PROVIDED MATERIAL:

━━━━━━

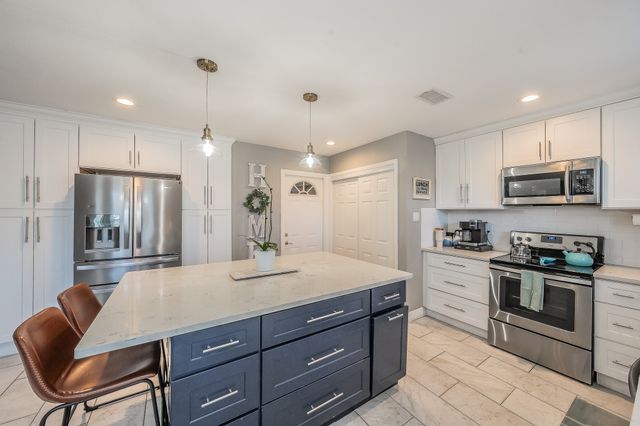 7625 Hightower Drive, North Richland Hills, TX 76182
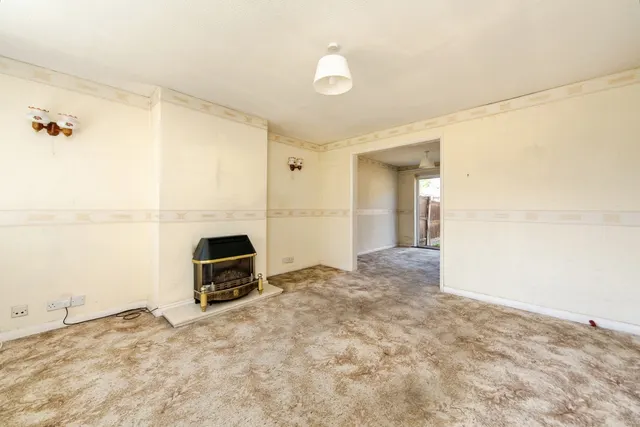 Hargrave Close, Prenton, CH43, photo 2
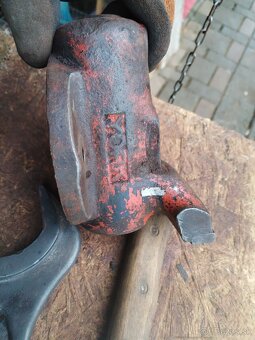 Zverák YORK/diely - 10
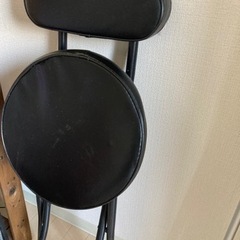 折りたたみ 黒 イスの画像
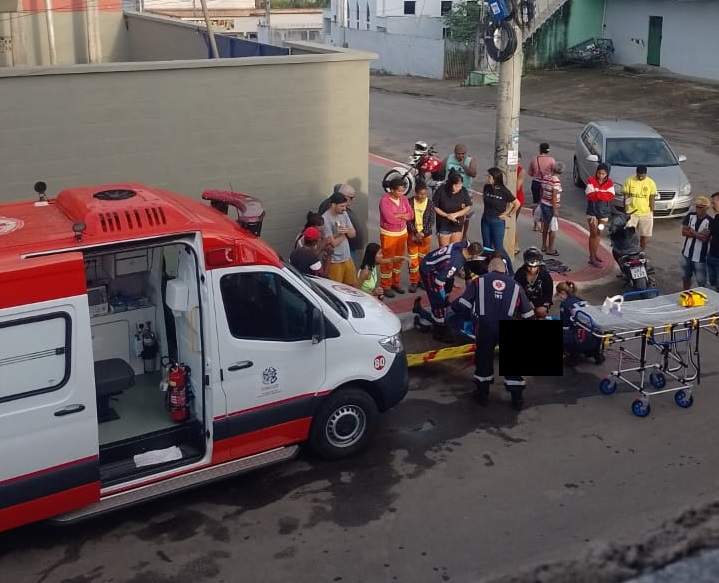 VÍDEO: homem embriagado sobe em poste e cai após levar choque em Guarapari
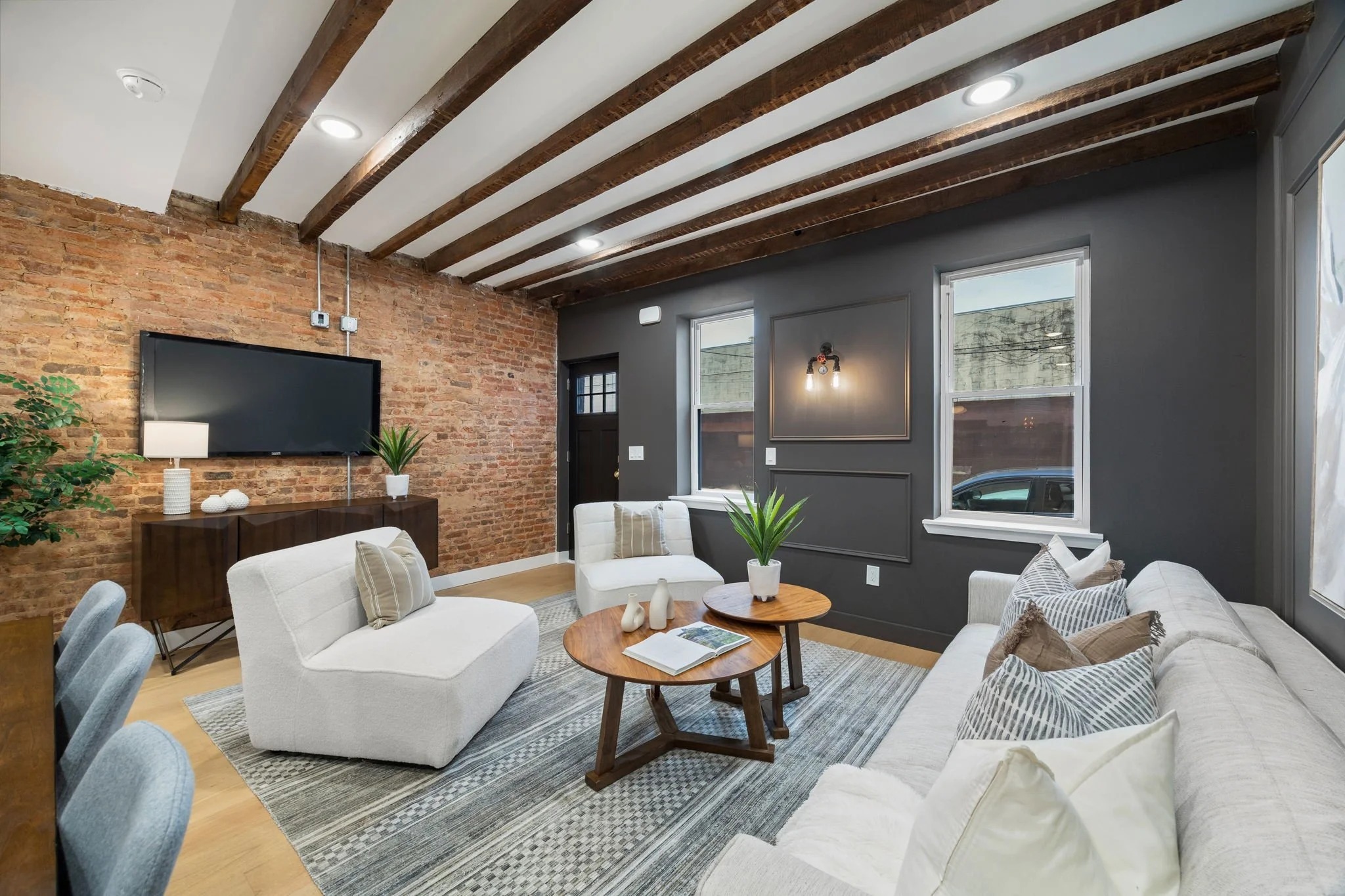 5-web-or-mls-1613-n-lawrence-st.jpg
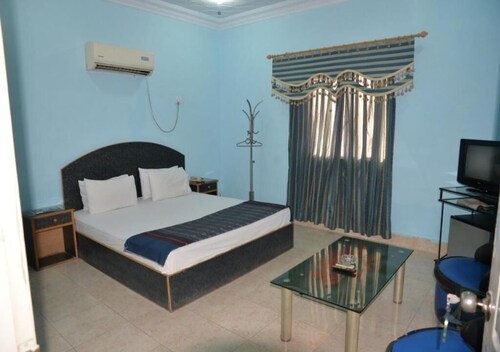 Step inn Guest House Sukkur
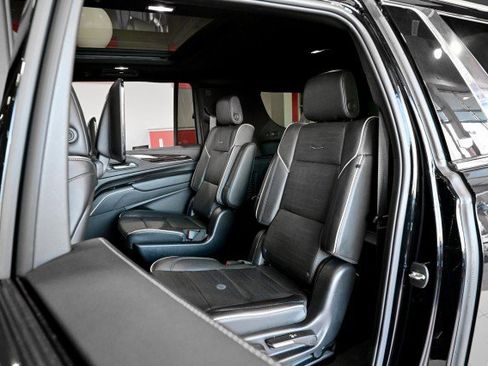 Used 2023 Cadillac Escalade ESV Premium Luxury image 18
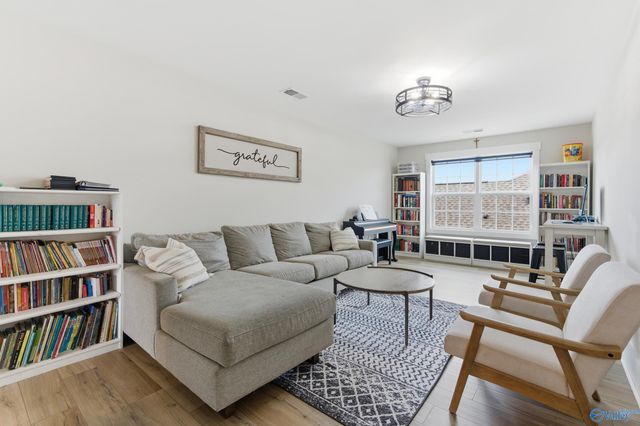 233 White Horse Way, Toney, AL 35773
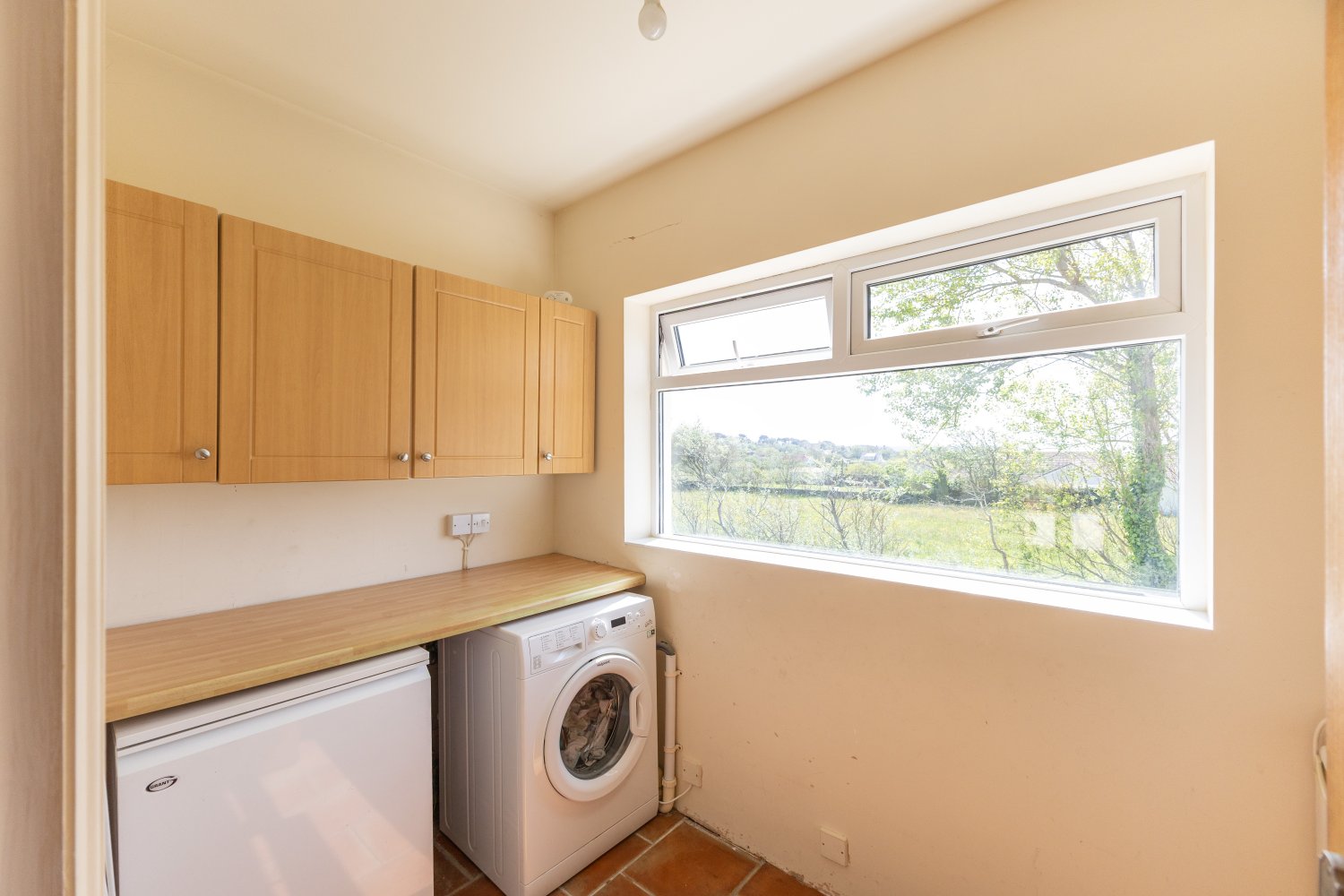 Oakfield photo 10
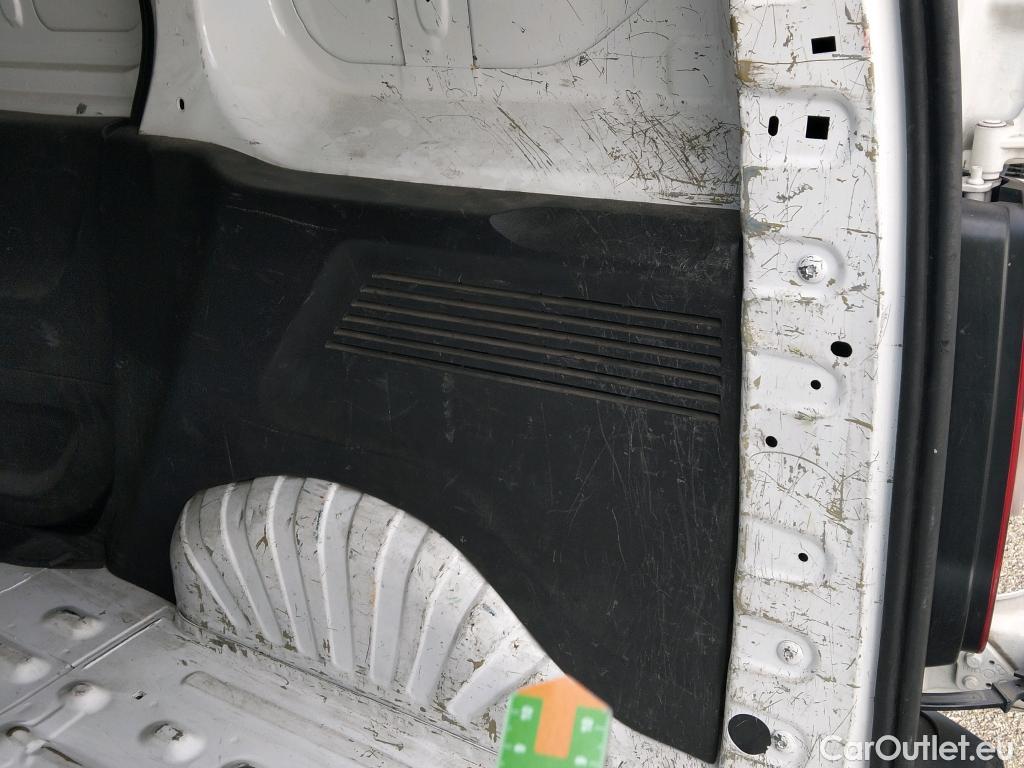  Opel  Combo OPEL  / 2018 / 3P / furgón derivado de turismo 1.5 TD 56kW (75CV) Express L H1 650kg #47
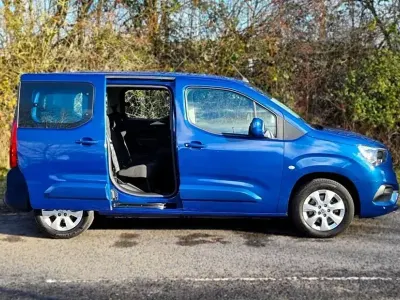 Used Vauxhall Combo S 130 HP (95 kW) 2019 Blue MPV
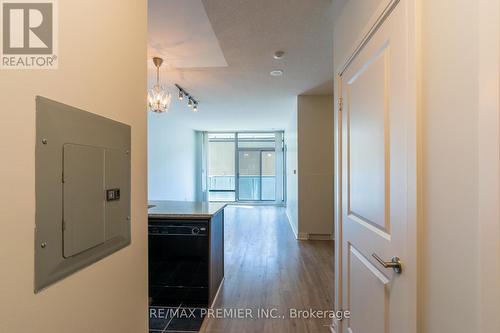 205 - 21 SCOLLARD STREET , Toronto, Ontario M5R 1G1 2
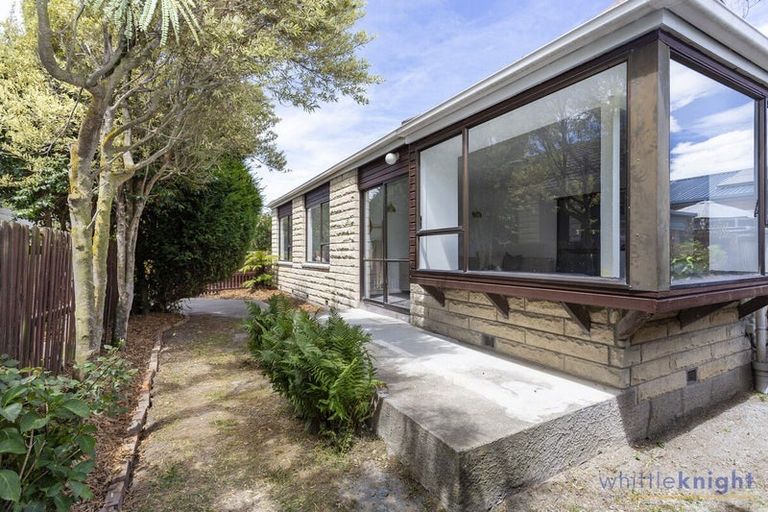 Photo of property in 3/92 North Avon Road, Richmond, Christchurch, 8013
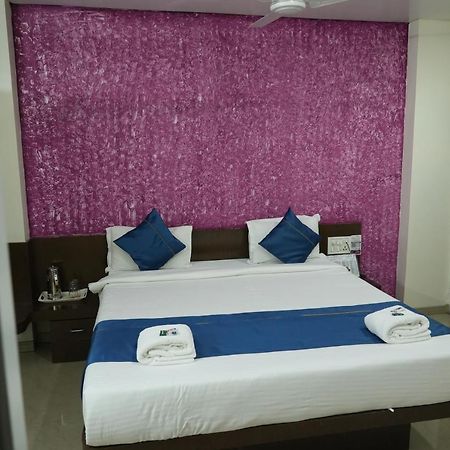 Hotel Avon International Aurangabad  Exteriör bild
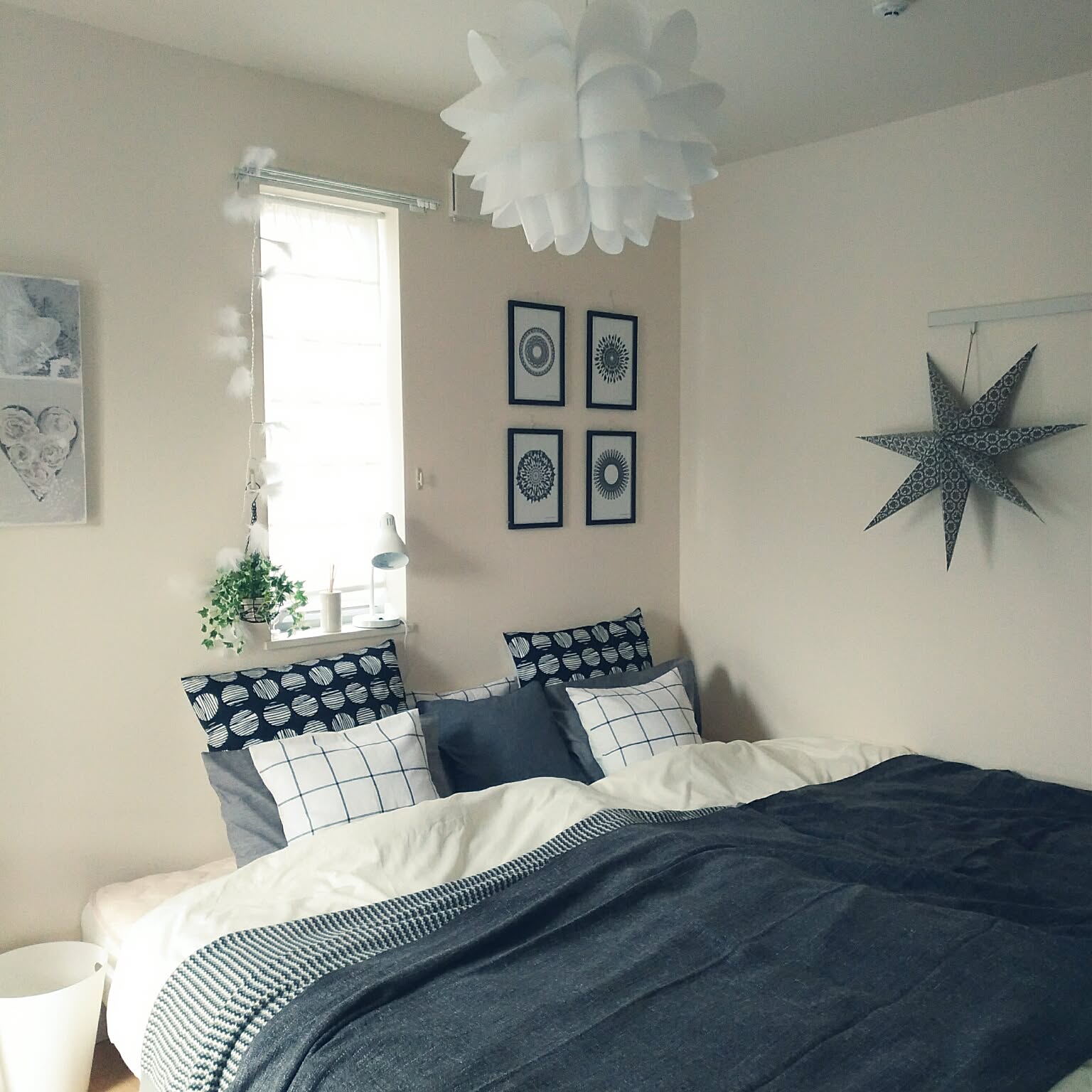 IKEAのブランケットで、心地よくあたたかいお部屋に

━━━━━━

TASK STATEMENT:
Only the lines from the one containing "233 White Horse Way, Toney, AL 35773" through the last line of the material are to be restated word for word; no picture is to be included.

WRITTEN ANSWER:
 233 White Horse Way, Toney, AL 35773
 Oakfield photo 10
  Opel  Combo OPEL  / 2018 / 3P / furgón derivado de turismo 1.5 TD 56kW (75CV) Express L H1 650kg #47
 Used Vauxhall Combo S 130 HP (95 kW) 2019 Blue MPV
 205 - 21 SCOLLARD STREET , Toronto, Ontario M5R 1G1 2
 Photo of property in 3/92 North Avon Road, Richmond, Christchurch, 8013
 Hotel Avon International Aurangabad  Exteriör bild
 IKEAのブランケットで、心地よくあたたかいお部屋に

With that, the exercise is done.